Description
A vibrant, umami-rich vegan ramen loaded with crisp spring peas and shiitake mushrooms—comfort food that celebrates the season in the most satisfying way possible.
Prep Time: 15 minutes | Cook Time: 20 minutes | Total Time: 35 minutes | Servings: 4

Ingredients
Scale
- 8 oz ramen noodles (fresh is best, but good dried works too)
- 1 tbsp sesame oil
- 1/2 cup diced onion
- 2 cloves garlic, minced
- 1-inch piece fresh ginger, grated (don’t use the jarred stuff)
- 4 cups vegetable broth
- 1 cup sugar snap peas (naturally vegan and gorgeous)
- 1 cup snow peas
- 1/2 cup sliced shiitake mushrooms (the secret to satisfaction)
- 2 tbsp soy sauce
- 1 tbsp miso paste (white or yellow works perfectly)
- 1 tbsp rice vinegar
- 1 tsp sriracha (optional, but adds great heat)
- Green onions, sesame seeds, and lime wedges for garnish
Instructions
- Start with perfect noodles – Cook ramen noodles according to package instructions. Drain well and set aside (don’t let them sit in water or they’ll get mushy).
- Build that aromatic base – In a large pot, heat sesame oil over medium heat. Add onion, garlic, and grated ginger.

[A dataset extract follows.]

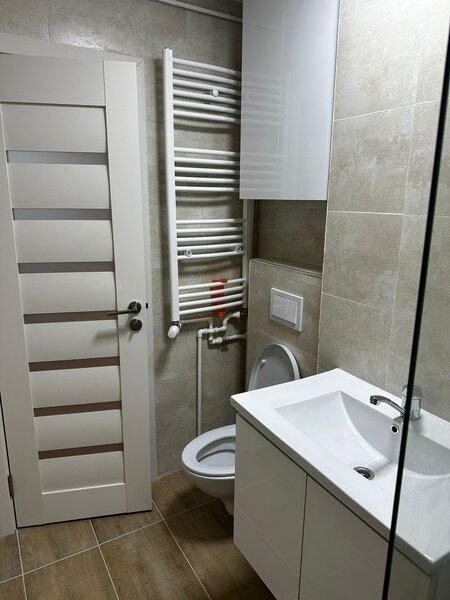 Berceni, sector 4, inchiriez apartament de 2 camere, proaspat renovat,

Sauté until fragrant and gorgeous, about 3-4 minutes.
- Create the foundation – Pour in vegetable broth and bring to a gentle simmer. This is where the magic starts building.
- Add the spring stars – Toss in sugar snap peas, snow peas, and sliced shiitake mushrooms. Cook for 5-7 minutes until tender but still crisp.
- Mix your flavor bomb – In a small bowl, whisk together soy sauce, miso paste, rice vinegar, and sriracha. Don’t worry if the miso takes a minute to dissolve—keep whisking!
- Bring it all together – Stir the sauce mixture into the simmering broth until everything looks absolutely beautiful.
- Serve like a pro – Divide cooked noodles into bowls and ladle the hot broth and vegetables over them. Watch steam rise like pure comfort.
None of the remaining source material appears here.